Как часто теперь со мной случалось, я снова уснул незаметно для себя и так спокойно, словно все уже было решено в моей судьбе.
Когда я открыл глаза, мне показалось, что я еще сплю, потому что в старом кресле напротив меня сидел господин Зауфер. Только то, что он читал «Берзенцейтунг», убедило меня, что это не привидение. Неужели даже привидения охвачены унифицированной печатью рейха?
— Вы не уехали? Какое счастье для меня… — пробормотал я потрясенно.
Он отложил газету, снял свои приметные, в золотой оправе, очки для чтения и сказал спокойно:
— Мне просто не стоит мелькать здесь часто, Руди…
Я не успел еще как следует освоить, прочувствовать, что он так назвал меня…

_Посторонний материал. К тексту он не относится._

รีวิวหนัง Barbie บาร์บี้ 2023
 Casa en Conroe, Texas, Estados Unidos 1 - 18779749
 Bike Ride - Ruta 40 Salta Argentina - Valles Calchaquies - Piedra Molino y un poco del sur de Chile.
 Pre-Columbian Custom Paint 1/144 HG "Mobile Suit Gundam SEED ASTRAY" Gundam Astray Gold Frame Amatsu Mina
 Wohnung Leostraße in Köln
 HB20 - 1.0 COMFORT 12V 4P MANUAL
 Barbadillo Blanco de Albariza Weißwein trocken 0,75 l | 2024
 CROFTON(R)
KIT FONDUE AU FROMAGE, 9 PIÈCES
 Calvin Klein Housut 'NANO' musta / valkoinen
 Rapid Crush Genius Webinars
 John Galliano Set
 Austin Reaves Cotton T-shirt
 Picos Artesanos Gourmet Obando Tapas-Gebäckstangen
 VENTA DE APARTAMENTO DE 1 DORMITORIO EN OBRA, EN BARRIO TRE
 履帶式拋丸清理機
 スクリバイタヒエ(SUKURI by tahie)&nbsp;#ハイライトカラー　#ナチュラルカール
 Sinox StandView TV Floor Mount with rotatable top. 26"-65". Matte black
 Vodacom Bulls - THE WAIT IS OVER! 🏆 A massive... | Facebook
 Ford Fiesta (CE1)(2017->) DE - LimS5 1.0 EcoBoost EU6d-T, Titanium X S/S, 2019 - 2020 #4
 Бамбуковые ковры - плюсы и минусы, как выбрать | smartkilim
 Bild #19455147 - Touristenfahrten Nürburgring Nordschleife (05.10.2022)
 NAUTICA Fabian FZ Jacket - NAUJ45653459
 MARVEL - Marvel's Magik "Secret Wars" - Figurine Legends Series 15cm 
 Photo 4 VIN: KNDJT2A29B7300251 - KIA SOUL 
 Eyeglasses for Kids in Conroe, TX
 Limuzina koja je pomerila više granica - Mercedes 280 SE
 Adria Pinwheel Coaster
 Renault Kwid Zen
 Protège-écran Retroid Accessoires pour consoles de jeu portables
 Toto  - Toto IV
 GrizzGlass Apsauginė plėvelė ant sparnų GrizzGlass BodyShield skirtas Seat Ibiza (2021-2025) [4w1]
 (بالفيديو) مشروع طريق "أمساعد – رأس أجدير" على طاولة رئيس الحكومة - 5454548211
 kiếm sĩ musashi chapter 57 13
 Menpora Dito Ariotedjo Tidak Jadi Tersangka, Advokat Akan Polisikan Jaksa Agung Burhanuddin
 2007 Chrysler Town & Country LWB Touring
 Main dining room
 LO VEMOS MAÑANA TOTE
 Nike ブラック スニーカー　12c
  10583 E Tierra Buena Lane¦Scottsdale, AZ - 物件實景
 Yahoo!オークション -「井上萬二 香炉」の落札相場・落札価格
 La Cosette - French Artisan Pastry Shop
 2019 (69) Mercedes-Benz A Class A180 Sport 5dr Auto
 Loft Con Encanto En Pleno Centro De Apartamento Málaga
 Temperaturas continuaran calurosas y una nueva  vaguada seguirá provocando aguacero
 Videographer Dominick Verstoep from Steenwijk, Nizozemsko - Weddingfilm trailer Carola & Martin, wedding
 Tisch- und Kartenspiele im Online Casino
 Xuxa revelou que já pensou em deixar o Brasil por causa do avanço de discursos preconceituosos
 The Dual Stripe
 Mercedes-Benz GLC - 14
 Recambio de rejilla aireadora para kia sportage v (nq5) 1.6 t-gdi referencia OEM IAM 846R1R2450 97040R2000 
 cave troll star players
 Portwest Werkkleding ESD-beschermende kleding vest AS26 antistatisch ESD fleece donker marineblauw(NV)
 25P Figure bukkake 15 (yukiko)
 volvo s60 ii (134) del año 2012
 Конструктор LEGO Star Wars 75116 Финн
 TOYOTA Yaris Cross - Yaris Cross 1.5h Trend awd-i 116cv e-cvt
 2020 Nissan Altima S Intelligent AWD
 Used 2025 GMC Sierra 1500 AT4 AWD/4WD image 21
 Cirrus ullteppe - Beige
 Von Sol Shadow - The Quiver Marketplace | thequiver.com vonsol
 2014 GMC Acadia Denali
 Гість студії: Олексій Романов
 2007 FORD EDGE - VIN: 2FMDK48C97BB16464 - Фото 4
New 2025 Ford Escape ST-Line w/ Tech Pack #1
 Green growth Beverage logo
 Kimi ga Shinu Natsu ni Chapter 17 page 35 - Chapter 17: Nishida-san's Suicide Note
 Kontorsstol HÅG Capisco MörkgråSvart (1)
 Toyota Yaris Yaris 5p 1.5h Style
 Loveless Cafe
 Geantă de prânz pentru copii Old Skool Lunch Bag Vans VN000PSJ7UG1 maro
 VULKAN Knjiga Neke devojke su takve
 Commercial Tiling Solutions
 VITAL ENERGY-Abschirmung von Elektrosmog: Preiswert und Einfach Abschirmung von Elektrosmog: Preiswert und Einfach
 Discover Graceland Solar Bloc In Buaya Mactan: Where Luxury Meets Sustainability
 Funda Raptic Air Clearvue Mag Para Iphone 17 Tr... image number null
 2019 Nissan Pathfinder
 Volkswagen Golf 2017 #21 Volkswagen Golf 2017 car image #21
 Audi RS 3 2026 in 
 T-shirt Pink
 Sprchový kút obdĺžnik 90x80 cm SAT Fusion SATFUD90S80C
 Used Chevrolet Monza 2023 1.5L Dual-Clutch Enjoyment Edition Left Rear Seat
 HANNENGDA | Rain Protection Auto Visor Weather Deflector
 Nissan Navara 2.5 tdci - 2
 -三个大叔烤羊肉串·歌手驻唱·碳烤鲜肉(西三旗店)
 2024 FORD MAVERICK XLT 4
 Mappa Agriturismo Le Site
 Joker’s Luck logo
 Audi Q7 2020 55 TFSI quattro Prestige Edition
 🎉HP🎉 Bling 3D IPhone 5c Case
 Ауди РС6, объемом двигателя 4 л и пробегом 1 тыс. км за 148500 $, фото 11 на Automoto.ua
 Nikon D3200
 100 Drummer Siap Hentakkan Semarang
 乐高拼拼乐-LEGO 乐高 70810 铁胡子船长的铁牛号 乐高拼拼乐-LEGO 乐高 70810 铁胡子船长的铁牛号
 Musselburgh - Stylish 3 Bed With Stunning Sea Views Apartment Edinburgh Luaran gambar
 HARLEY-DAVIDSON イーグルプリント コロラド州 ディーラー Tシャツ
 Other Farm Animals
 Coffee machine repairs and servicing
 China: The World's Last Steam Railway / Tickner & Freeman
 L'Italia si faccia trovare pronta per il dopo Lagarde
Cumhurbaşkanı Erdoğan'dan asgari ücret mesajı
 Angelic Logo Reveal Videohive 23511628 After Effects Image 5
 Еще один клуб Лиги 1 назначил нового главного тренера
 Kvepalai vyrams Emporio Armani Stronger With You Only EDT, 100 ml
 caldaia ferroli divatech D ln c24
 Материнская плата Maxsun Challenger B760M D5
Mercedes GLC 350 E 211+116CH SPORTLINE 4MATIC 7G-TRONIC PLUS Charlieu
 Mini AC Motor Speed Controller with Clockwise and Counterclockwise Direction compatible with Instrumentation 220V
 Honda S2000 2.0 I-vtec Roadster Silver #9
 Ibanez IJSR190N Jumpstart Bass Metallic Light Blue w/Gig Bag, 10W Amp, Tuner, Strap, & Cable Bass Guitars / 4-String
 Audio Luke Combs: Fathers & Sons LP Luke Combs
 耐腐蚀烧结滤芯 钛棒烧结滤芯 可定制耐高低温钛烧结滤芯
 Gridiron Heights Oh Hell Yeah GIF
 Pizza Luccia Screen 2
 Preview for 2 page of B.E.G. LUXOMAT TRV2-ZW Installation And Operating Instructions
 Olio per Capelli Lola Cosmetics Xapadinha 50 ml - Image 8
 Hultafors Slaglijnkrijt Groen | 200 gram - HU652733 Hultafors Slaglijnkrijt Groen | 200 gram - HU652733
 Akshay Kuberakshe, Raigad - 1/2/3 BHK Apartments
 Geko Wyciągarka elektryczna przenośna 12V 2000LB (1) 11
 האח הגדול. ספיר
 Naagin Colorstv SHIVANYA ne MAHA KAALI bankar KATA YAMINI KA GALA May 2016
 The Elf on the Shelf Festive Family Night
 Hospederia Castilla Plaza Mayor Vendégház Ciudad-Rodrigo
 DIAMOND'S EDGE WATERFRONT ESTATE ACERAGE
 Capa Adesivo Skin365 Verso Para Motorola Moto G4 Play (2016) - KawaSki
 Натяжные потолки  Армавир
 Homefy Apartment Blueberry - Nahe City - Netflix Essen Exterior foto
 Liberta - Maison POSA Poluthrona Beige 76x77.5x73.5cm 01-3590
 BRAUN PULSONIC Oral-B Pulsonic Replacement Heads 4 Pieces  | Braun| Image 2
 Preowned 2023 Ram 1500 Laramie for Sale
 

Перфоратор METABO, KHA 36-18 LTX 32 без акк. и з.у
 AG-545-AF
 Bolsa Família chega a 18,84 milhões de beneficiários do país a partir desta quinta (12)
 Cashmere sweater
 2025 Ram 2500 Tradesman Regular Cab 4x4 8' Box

— Ты очень похож на отца, Руди, — продолжал Генрих Деш, — я подумал об этом, как только увидел тебя. Но, конечно, мне и в голову не могло прийти, что ты сын Курта. Я думал о случайном сходстве… Как мог я знать?
3
За новым поворотом судьбы открылось многое, очень многое. И счастливое. Счастье было подняться по трем каменным ступенькам груневальдского особнячка, громко именуемого «виллой», нажать кнопку звонка под медной дощечкой: «Доктор юрис. Герберт Зауфер», услышать шаги за дверью и произнести обычное: «Доброе утро, господин доктор! Это я…»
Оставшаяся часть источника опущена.